- Born: 1 November 1935 West Newton, Pennsylvania, United States
- Died: 18 December 2005 (aged 92) Johnston, Rhode Island, United States
- Allegiance: United States
- Education: University of Pittsburgh (BA)
- Spouse: Helen
- Children: 2 daughters and 1 son

= James L. Swauger =

American archaeologist (1913–2005)

James L. Swauger (November 1, 1913 – December 18, 2005) was an American archaeologist known for his work on the petroglyphs of the Ohio River valley of the United States. Born in West Newton in Westmoreland County, Pennsylvania, he moved to the Pittsburgh suburb of Edgewood in his youth; there he lived for most of the rest of his life.

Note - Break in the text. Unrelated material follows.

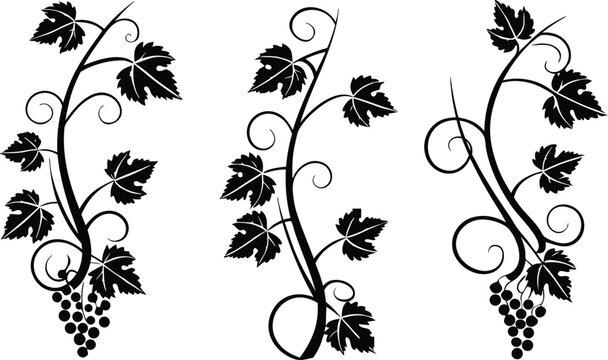 Elegant black and white grapevine with leaves and grapes illustration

At the age of 22, Swauger began working for Pittsburgh's Carnegie Museum of Natural History; he started as an archaeology and ethnology assistant. Swauger was awarded a bachelor's degree in zoology in 1941 from the University of Pittsburgh. During World War II, he served in the U.S. Army with the rank of First Lieutenant; after his 1946 discharge, he resumed his position at the Carnegie Museum, and he returned to the University of Pittsburgh to earn an M. Litt in history. Swauger was promoted to the position of archaeology and ethnology curator in 1949; as his career progressed, he became an associate director of the museum in 1955, received the title of "Senior Scientist" in 1976, and was made a curator emeritus in 1981.

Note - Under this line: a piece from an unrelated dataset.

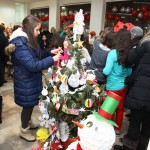 Kicenje-22-12-2016_01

Swauger was largely responsible for the modern anthropology program at the Carnegie Museum, which had fallen into abeyance in the early 20th century. After conducting research in locations as varied as Nebraska and southern Yemen, he received significant grants in the 1950s to begin the excavation of Fort Pitt and Fort Duquesne at the present site of Point State Park in downtown Pittsburgh. In connection with these excavations, Swauger helped to found the Upper Ohio Valley Archaeology Survey.

During the 1950s, Swauger began to be professionally interested in the study of Native American rock art; he concentrated on the upper Ohio River valley region, although his studies also encompassed some of the petroglyphs of the northeastern United States. As a part of this specialty, he aided in founding multiple academic conferences on the subject of rock art, including a 1970 conference in Virginia that was the first of its kind anywhere in the eastern part of the United States. Among his writings was a book known as Rock Art of the Upper Ohio Valley, which has been regarded as a leading work in the archaeology of the region. This book was one of nearly 300 works on anthropology and museology that Swauger published; additionally, he produced extensive notes, amounting to at least nineteen volumes by 1979. Although he retired in 1981, he continued to work actively as late as 1996, both visiting petroglyph sites and publishing new writings. Besides his work in archaeology, he was known as a master organizer; soon after taking the assistant director position at the Carnegie Museum, he personally reorganized a massive collection of entomological information that had previously been in disarray, and this pattern he continued throughout the rest of his life.

In 2005, Swauger died of pneumonia at a nursing home in Johnston, Rhode Island, aged 92. He was survived by his son and two daughters, along with multiple grandchildren and great-grandchildren. In the aftermath of his death, he was recalled as an "ageless" figure who had created a benchmark for every other archaeologist working in western Pennsylvania.